In the listing below, find the line with "Floral hinged box" and the line with "Gallery image thumbnail". Repeat those two lines and all lines between them exactly.

• INPUT MATERIAL
_____

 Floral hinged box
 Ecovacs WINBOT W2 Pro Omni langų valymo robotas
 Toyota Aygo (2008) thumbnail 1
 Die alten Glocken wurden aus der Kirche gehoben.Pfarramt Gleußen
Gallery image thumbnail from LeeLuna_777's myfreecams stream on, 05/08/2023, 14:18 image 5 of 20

_____

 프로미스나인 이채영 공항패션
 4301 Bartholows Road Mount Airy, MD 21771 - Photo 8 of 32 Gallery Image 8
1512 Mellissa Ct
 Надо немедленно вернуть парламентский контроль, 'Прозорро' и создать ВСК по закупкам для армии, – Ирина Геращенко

_____

• FINISHED EXERCISE
 Floral hinged box
 Ecovacs WINBOT W2 Pro Omni langų valymo robotas
 Toyota Aygo (2008) thumbnail 1
 Die alten Glocken wurden aus der Kirche gehoben.Pfarramt Gleußen
Gallery image thumbnail from LeeLuna_777's myfreecams stream on, 05/08/2023, 14:18 image 5 of 20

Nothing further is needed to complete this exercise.